With the onset of December the college football season draws to conclusion with only the "bowl games" remaining. For my non-USA friends the "bowl games" are -- post season, extra games played for money given to each participating team (to their conference actually except for Notre Dame which is an "independent" so they get to keep $18.3 million payout!!) , trips for fans to warm weather stadiums, and an attempt by the Bowl Championship Series to anoit a "national champion" of college football although this year looks more legitimate than past year's despite the lack of a true playoff system.
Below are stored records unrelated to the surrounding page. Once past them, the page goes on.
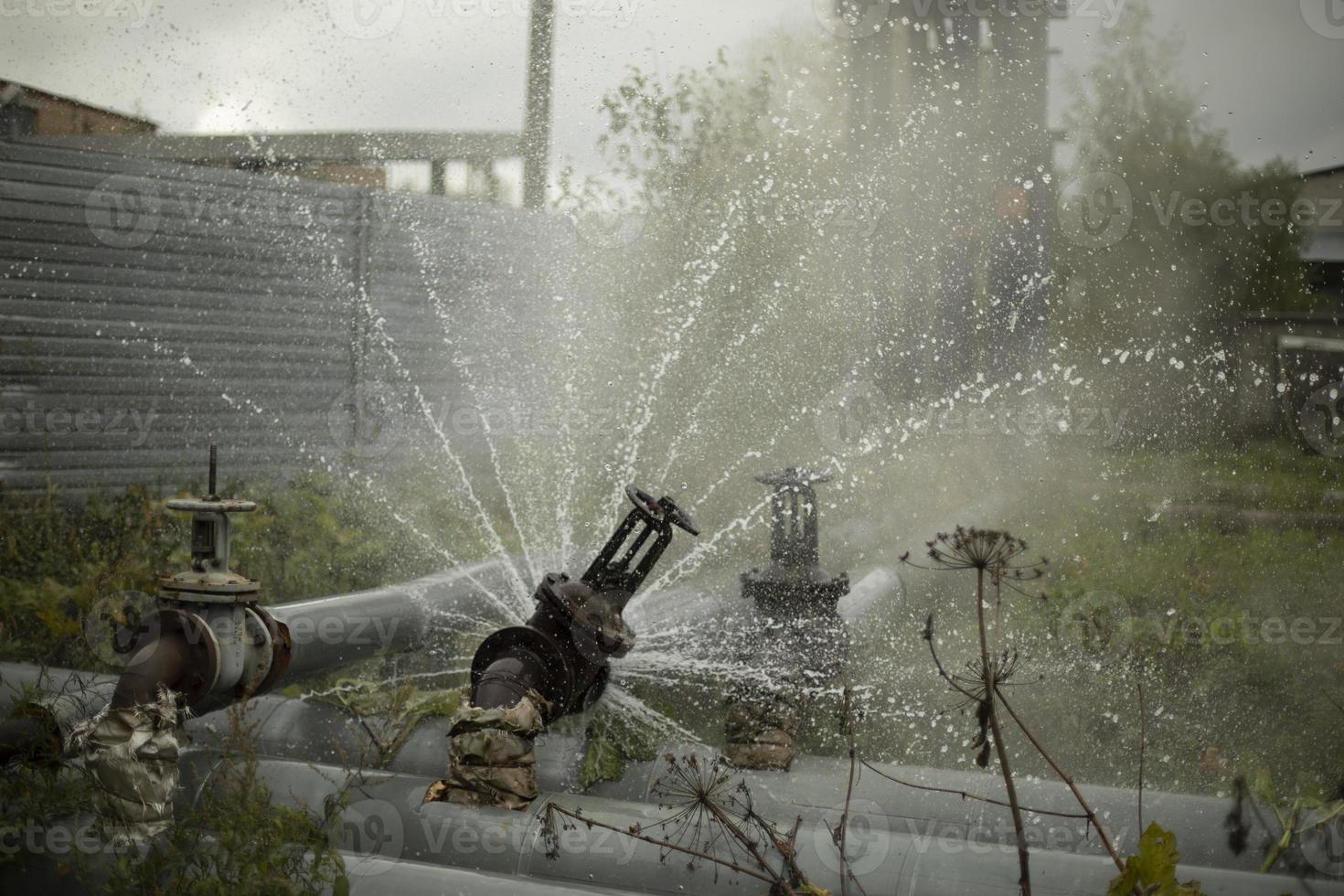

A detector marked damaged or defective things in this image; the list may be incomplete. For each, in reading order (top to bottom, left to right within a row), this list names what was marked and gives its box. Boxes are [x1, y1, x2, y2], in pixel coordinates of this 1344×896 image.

torn pipe insulation [430, 485, 699, 811]
torn pipe insulation [731, 470, 844, 773]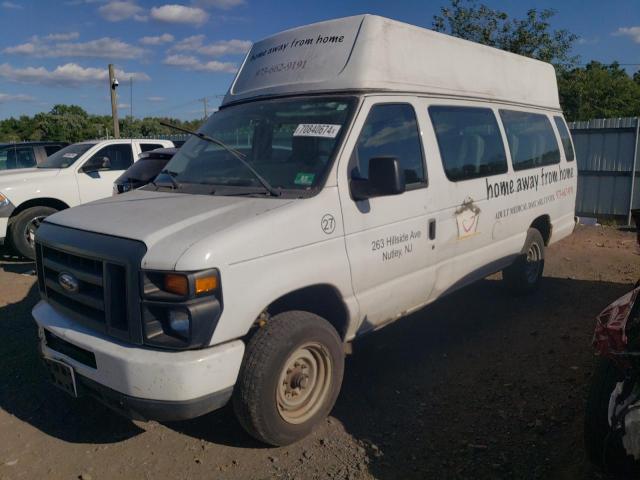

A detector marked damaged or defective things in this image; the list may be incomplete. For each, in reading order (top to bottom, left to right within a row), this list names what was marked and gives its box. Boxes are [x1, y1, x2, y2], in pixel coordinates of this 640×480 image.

damaged red vehicle [588, 212, 640, 474]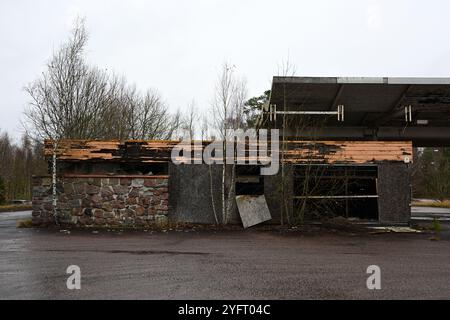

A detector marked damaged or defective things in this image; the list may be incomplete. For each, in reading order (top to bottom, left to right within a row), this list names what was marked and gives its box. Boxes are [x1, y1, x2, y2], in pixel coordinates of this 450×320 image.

rusted metal sheet [44, 140, 414, 165]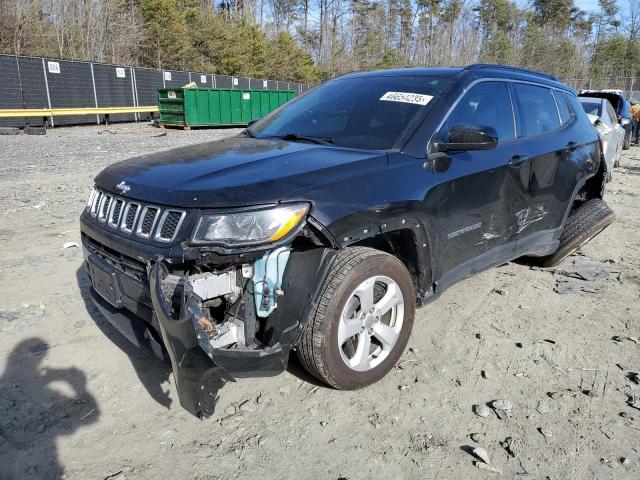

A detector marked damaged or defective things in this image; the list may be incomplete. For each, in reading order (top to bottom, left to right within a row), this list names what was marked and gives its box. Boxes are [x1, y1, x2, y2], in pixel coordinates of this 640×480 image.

So you are probably wondering where my beloved Iowa State University (ISU) Cyclones, http://www.cyclones.com , ended up for bowl assignments right? ISU, with a regular season record of 7 and 4 is set to play Texas Christian University (TCU) Horned Frogs with a record of 10 and 1 in the "ev1.net Houston Bowl" on December 31st in Houston, Texas being televised on the "Deuce"/ESPN 2 at 2:30 pm Eastern. TCU is favored by 3 1/2 points. I was a bit surprised by the spread but then noticed that the "Sagarin College Football Ratings" (see my earlier posting -- #334 -- for background) have these teams ranked at:

Number 1 -- Texas
Number 2 -- University of Southern California
Number 21 -- TCU
Number 32 -- ISU
Number 239 -- Butler University , no bowl game for them this season!! http://butlersports.collegesports.com/

Along with the bowl schedule published in today's USA Today there was an adjoining article entitled "41% of bowl teams miss academic benchmark" which caught my attention because I made some notes to post on this subject at the beginning of the football season but never fully developed the theme.

Basically I wanted to pose the question -- "Since the team rosters at college sporting events list all players' height and weight statistics why not also disclose the players' (just the players are full athletic scholarships since the school is paying for their education not the walk ons since they deserve to have them privacy protected) Grade Point Averages (GPA) so that a roster entry might look like this:

Darron M. Bareus
Defensive End
Height 6' 2"
Weight 215 pounds
GPA 3.3/4.0

I really struggled with advocating this since I hold personal privacy as a fundamental right in the USA but then again the players are unofficial employees of the athletic department/the university once they go on athletic scholarship so they lose some personal privacy when they sign their letter of intent.

The benefits I see from such disclosure include:

-Reinforces the "student-athlete" model we have at our universities

-Transparency for consumers ("sports fans") so we can choose to boycott games if our sports teams laugh at the importance of academics. Okay, I am old school - I like to believe the "student athlete" model works and do not want the value of my university degree downgraded just to help athletes graduate

-Reinforce the positive role model college athletes project to younger athletes

Such an idea would probably be rejected by players, coaches, big donors, etc. but it is worth consideration and could also be a model for pro sports in terms of steroids use.

Why not disclose steroid use in the box scores, home run leaders tally, and game programs which players use steroids??

But back to the lighter message of this posting -- get your coach and TV in good working order for this bowl season. The Texas-USC "national championship" game set for the Rose Bowl on January 4, 2006 should be a classic clash of titans.